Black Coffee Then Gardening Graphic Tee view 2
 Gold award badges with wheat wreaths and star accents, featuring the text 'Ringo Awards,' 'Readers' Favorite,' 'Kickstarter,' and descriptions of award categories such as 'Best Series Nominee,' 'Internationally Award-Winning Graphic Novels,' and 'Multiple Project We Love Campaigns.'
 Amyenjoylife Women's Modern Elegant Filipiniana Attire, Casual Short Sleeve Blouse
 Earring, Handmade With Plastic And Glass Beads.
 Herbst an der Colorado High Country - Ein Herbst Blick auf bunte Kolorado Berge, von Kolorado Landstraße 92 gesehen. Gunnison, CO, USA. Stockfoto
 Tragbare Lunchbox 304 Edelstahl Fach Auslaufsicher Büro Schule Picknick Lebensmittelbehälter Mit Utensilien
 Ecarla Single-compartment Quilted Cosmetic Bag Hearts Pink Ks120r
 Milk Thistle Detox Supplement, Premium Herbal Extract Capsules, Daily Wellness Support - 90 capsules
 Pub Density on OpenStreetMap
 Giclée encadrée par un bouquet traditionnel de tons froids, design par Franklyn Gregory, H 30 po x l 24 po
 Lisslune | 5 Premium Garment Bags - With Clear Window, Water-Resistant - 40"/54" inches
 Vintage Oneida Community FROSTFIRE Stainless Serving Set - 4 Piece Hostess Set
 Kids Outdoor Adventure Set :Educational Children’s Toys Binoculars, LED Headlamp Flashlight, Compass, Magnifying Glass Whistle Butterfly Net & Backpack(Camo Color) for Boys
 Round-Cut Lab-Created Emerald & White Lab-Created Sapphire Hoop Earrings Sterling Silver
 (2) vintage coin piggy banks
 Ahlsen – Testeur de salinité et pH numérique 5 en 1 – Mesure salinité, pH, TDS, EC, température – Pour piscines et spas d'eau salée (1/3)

********

The lines to reproduce run from the one that contains "(2) vintage coin piggy banks" through the last line above; copy them exactly.

> **Answer box**:
 (2) vintage coin piggy banks
 Ahlsen – Testeur de salinité et pH numérique 5 en 1 – Mesure salinité, pH, TDS, EC, température – Pour piscines et spas d'eau salée (1/3)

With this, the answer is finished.